You know the moment I decided that firing Bloom was the right move? Yesterday, I heard from two reliable Boston media sources that publicly said a team last year had offered to take the last two years of Sale's contract - all $55m of it - in exchange for a modest return of prospects. Bloom said no - he demanded more talent in return. If a team is willing to pay Chris Sale and take his salary, you drive Sale to the ####### airport and accept a Panera gift card in return. Sale has been the highest-paid guy on the team since 2020. Next year, he'll be tied with Devers for the highest salary. You get a chance to unload that, you do it. Because Chris Sale has nothing to do with any of the three missions Bloom had. I wish him well, but that report, if true, is a fireable offense.
   8. Darren Posted: September 15, 2023 at 12:34 PM (#6141432)
You know the moment I decided that firing Bloom was the right move? Yesterday, I heard from two reliable Boston media sources that publicly said a team last year had offered to take the last two years of Sale's contract - all $55m of it - in exchange for a modest return of prospects. Bloom said no - he demanded more talent in return. If a team is willing to pay Chris Sale and take his salary, you drive Sale to the ####### airport and accept a Panera gift card in return.

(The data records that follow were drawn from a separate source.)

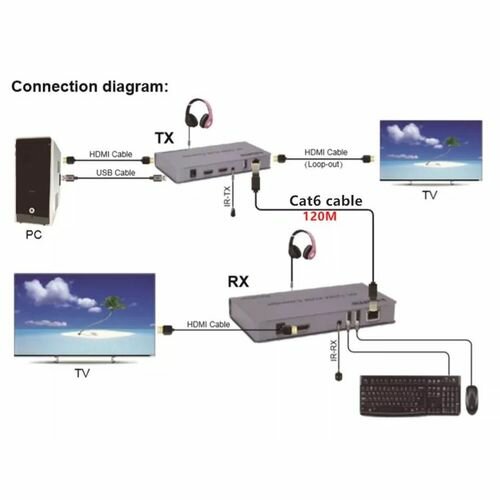 Extendeur HDMI 4K 120M KVM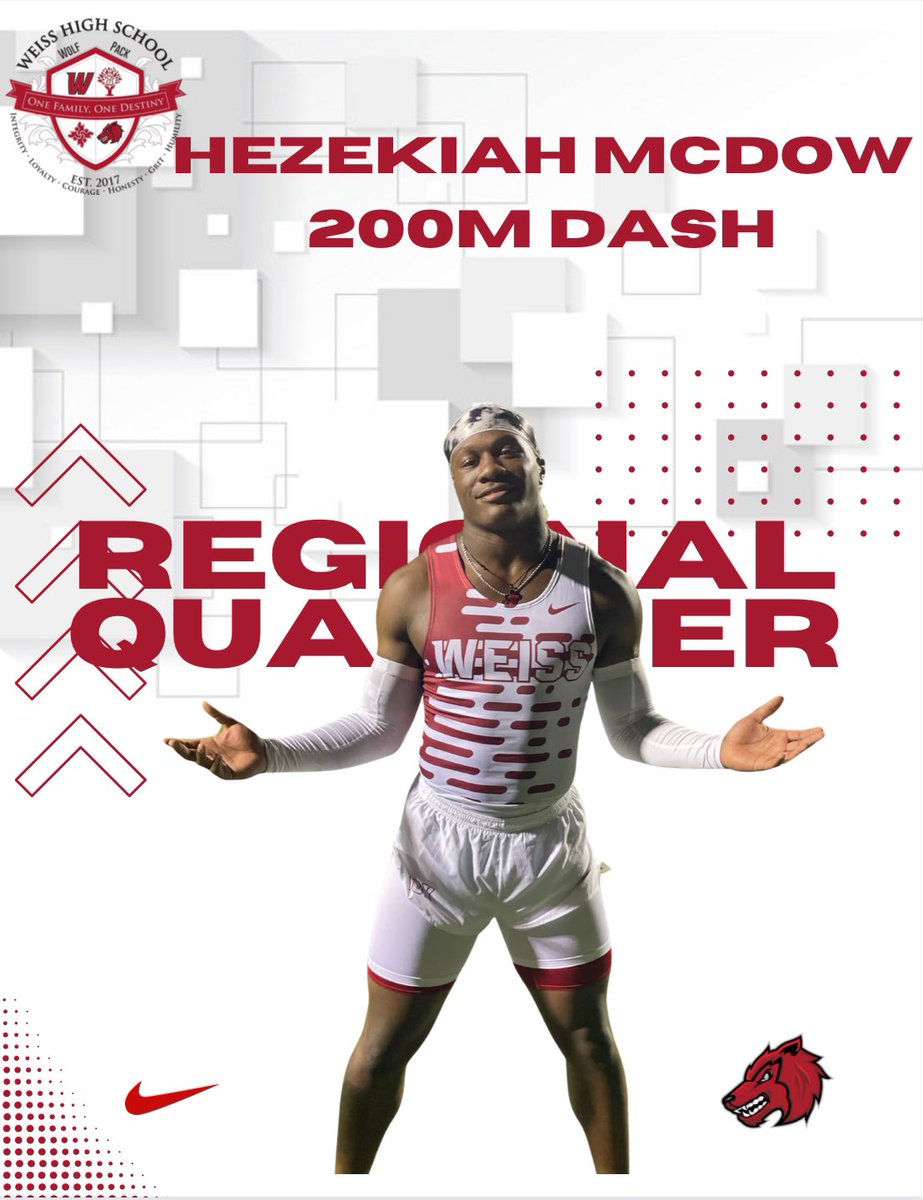 Weiss HS Boys Track & Field tweet media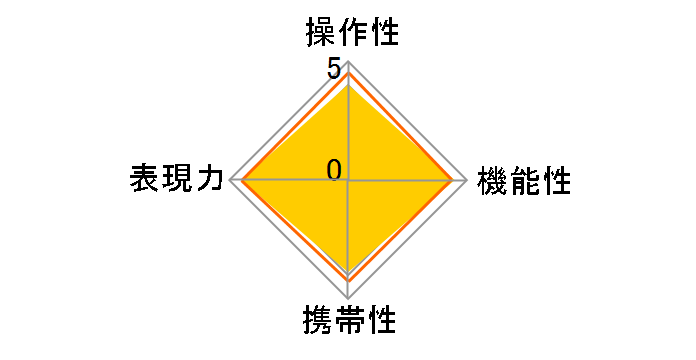 TS-E90mm F2.8�̃��[�U�[���r���[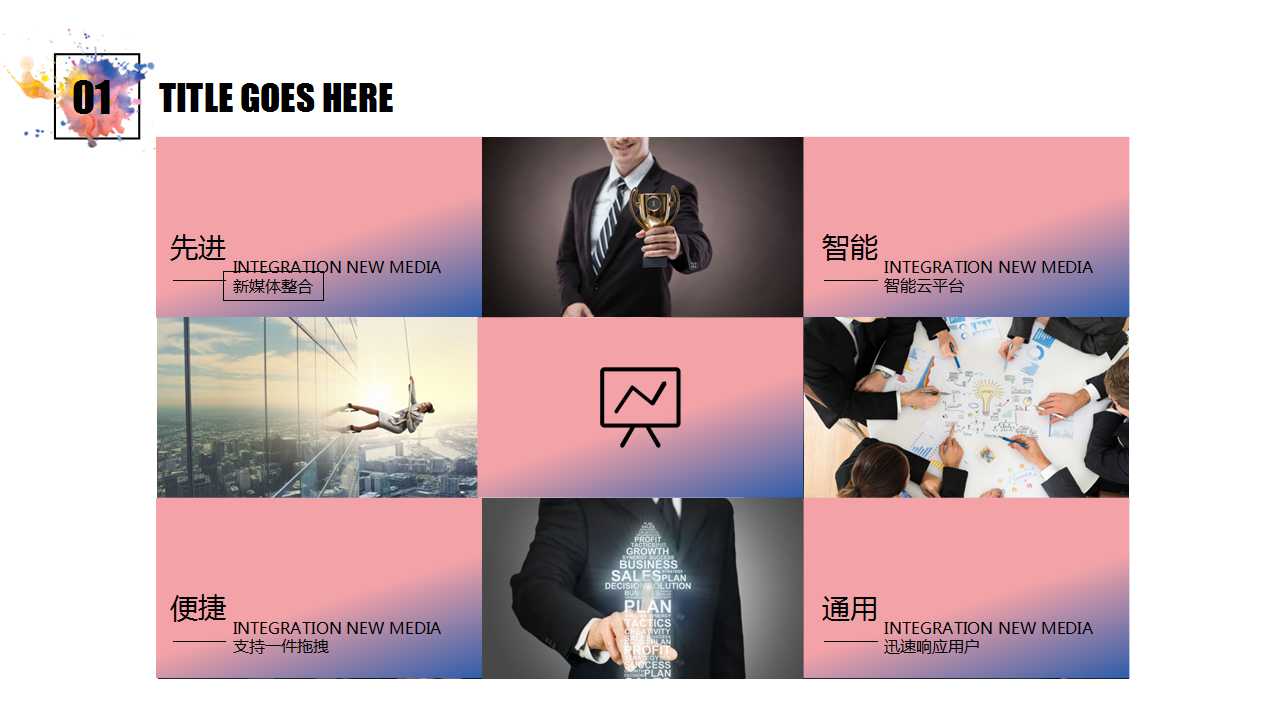 绩效考核体系及薪酬分配体系操作手册PPT课件二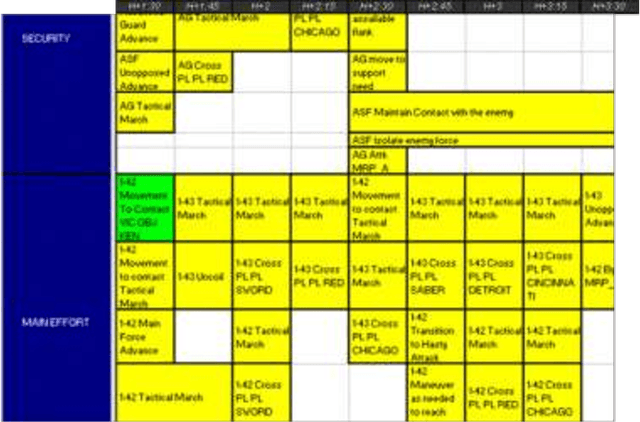 Figure 2 for Toward a Research Agenda in Adversarial Reasoning: Computational Approaches to Anticipating the Opponent's Intent and Actions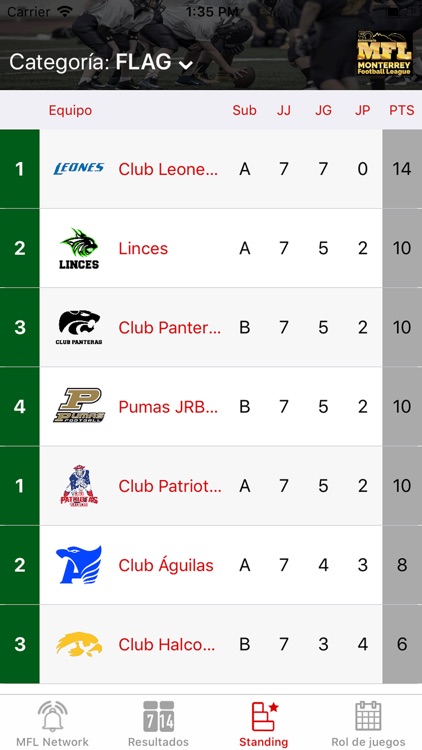 Monterrey Football League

Yeah, but they were offering a Taco Bell gift card. :)

More seriously, so that offer for Sale came during 2022? Was it at the deadline or another time? I'd love to know whatever details are out there and who reported it.
   9. The Yankee Clapper Posted: September 15, 2023 at 01:59 PM (#6141454)
You've got $12m to pay JBJ? $10 for Kluber? $10m for Garrett Richards? $16m for Jansen? $20m for Story? $27.5m for Sale? $18m to not even have Price on the roster? But you didn't have money left to give Betts a 10/$350 deal in 2019? C'mon.
It seems like the bright boys must have decided that investing ~350M in any one player was just too much risk. Otherwise it doesn’t make sense. It also seems wrong - long career, one team 1st ballot Hall of Fame types (which Betts looks like) are money makers for MLB franchises.
   10. villageidiom Posted: September 15, 2023 at 04:55 PM (#6141477)
Chris Sale had 10/5 rights after 2021. It wouldn't entirely have been up to Bloom, assuming any part of the rumor is true.
It seems like the bright boys must have decided that investing ~350M in any one player was just too much risk. Otherwise it doesn’t make sense.
So you're on the record that investing $350m in any one player is just too much risk?
   11. The Yankee Clapper Posted: September 15, 2023 at 05:00 PM (#6141479)
So you're on the record that investing $350m in any one player is just too much risk?
Did you not read the 3rd sentence of #9, where I pretty clearly indicated I disagreed with that stance? I was merely suggesting what the Red Sox ownership might have thought to justify, in their minds, trading Betts.
   12. villageidiom Posted: September 15, 2023 at 05:39 PM (#6141486)
I thought you were carving an exception for 1st ballot Hall of Fame types (or Betts specifically) because the financial benefits offset the costs.
   13. The Yankee Clapper Posted: September 15, 2023 at 06:35 PM (#6141491)
Well, there may be a few other types of players with a fair market value of ~ $350M but the overlap is considerable, unless inflation remains a problem for awhile.
   14. Steve Balboni's Personal Trainer Posted: September 16, 2023 at 10:26 AM (#6141532)
In today's Boston Globe, the excellent Alex Speier writes:

According to a major league source, at the 2022 trade deadline, the Rangers were willing to take all but $14 million of Chris Sale’s remaining contract while also sending two prospects to Boston, but the talks died.


Later, he writes:

Perhaps most notably, according to major league sources, the Sox were deep in talks with the Marlins on the day of the deadline about a deal that would have sent Justin Turner to Miami for Edward Cabrera — a 25-year-old righthanded starter with a potentially dominant fastball — and more.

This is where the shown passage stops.